L'évolution du processus d'attribution par la CAF

Historiquement, l'organisation de la CAN était attribuée de manière parfois informelle ou tardive, ce qui posait de réels défis logistiques aux nations hôtes. Aujourd'hui, la Confédération Africaine de Football (CAF) a drastiquement professionnalisé son processus de sélection. Les cahiers des charges exigent désormais des garanties strictes en matière de stades aux normes internationales, de réseaux de transport modernes, de structures hospitalières de premier ordre et de capacités hôtelières suffisantes.

Cette rigueur a transformé l'obtention de la compétition en un marathon bureaucratique et stratégique. Les pays candidats doivent anticiper leurs investissements sur plusieurs années, transformant l'événement en un accélérateur de croissance pour leurs plans nationaux de modernisation.

De l'organisation unilatérale aux coorganisations novatrices

Pendant longtemps, la règle immuable voulait qu'un seul pays assume seul la lourde charge financière et logistique de la phase finale. Cependant, les exigences accrues du format à 24 équipes – entré en vigueur en 2019 – ont poussé les instances dirigeantes à faire preuve de flexibilité.

Un tournant historique a ainsi été opéré avec l'attribution de la CAN 2027 à un trio inédit composé du Kenya, de l'Ouganda et de la Tanzanie. Cette co-organisation tripartite en Afrique de l'Est démontre une volonté manifeste de la CAF de partager les coûts, de stimuler l'intégration régionale et de permettre à des nations qui n'auraient pas pu le faire seules d'accueillir le tournoi.

Les regards tournés vers l'avenir : les éditions de 2028 à 2036

Alors que les passionnés de football ont les yeux fixés sur les prochaines échéances immédiates, la machine institutionnelle ne s'arrête jamais.
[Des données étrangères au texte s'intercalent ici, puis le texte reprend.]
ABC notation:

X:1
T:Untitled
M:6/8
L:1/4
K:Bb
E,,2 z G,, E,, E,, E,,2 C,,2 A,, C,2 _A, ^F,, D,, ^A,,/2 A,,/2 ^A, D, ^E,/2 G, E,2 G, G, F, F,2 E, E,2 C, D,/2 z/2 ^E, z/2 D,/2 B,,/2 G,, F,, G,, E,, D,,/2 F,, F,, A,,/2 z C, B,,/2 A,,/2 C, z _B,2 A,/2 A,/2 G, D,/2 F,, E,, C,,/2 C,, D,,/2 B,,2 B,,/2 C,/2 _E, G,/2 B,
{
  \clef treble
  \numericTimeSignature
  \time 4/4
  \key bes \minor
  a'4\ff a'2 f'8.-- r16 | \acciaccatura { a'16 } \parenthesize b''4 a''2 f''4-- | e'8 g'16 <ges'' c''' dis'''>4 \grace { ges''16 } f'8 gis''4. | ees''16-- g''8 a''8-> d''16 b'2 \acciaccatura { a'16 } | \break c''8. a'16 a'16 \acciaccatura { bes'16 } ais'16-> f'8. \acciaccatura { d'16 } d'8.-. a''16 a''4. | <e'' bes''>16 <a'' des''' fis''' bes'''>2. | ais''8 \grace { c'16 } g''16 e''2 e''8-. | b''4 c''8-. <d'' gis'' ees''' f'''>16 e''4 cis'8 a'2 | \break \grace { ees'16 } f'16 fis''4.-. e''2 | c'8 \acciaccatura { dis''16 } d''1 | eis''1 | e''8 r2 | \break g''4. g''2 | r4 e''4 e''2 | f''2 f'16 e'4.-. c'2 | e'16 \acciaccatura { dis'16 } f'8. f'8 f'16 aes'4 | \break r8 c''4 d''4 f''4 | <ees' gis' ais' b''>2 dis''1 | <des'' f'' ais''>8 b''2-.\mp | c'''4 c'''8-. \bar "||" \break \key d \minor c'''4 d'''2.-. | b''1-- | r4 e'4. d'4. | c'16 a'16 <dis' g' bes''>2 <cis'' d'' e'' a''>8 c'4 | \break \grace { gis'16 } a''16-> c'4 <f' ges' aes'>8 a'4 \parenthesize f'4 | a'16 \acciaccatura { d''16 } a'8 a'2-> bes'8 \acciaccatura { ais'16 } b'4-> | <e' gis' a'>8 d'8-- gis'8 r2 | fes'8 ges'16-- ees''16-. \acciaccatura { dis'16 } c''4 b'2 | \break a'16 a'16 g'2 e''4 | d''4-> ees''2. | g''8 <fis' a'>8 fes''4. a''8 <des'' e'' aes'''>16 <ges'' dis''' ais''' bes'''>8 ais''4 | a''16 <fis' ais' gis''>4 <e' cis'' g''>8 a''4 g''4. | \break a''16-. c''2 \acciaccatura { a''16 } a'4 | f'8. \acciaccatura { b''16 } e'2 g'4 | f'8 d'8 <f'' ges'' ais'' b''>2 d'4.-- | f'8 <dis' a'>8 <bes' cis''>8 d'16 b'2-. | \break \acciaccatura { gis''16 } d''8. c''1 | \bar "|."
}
La CAF a officiellement ouvert les vannes pour l'appel à candidatures concernant les éditions futures, notamment les tournois de 2028, 2032 et 2036. Des pays comme le Sénégal affichent déjà clairement leurs ambitions pour s'inscrire dans la lignée des grands rendez-vous continentaux, prouvant que l'attractivité de la compétition ne se dément pas.

Quel pays ou quelle région aimeriez-vous voir se porter candidat pour organiser les prochaines éditions de la CAN ?

L'avenir de l'organisation : Des co-organisations et de nouveaux horizons

Au-delà des échéances immédiates, la Confédération Africaine de Football (CAF) a radicalement transformé sa stratégie d'attribution pour encourager le partage des compétences et des infrastructures. La preuve en est avec l'édition 2027, attribuée conjointement au Kenya, à l'Ouganda et à la Tanzanie. Cette co-organisation tripartite, une première historique pour le tournoi, démontre la volonté de mutualiser les efforts logistiques et financiers entre pays voisins pour répondre aux exigences élevées du football moderne.

Cette dynamique d'ouverture s'est également prolongée avec l'ouverture des processus de candidatures pour les éditions futures, notamment 2028, 2032 et 2036. Des nations comme le Sénégal affichent clairement leur ambition d'abriter de nouveau la compétition, tandis que d'autres régions d'Afrique cherchent à unir leurs forces pour présenter des dossiers solides.

En conclusion, la question de savoir qui va organiser la Coupe d'Afrique ne se résume plus à un duel entre géants traditionnels dotés d'infrastructures prêtes à l'emploi. Elle s'inscrit désormais dans une vision de développement régional durable, où la rotation géographique et la mutualisation des investissements permettent à des pays émergents sur le plan sportif d'accueillir la grand-messe du football africain.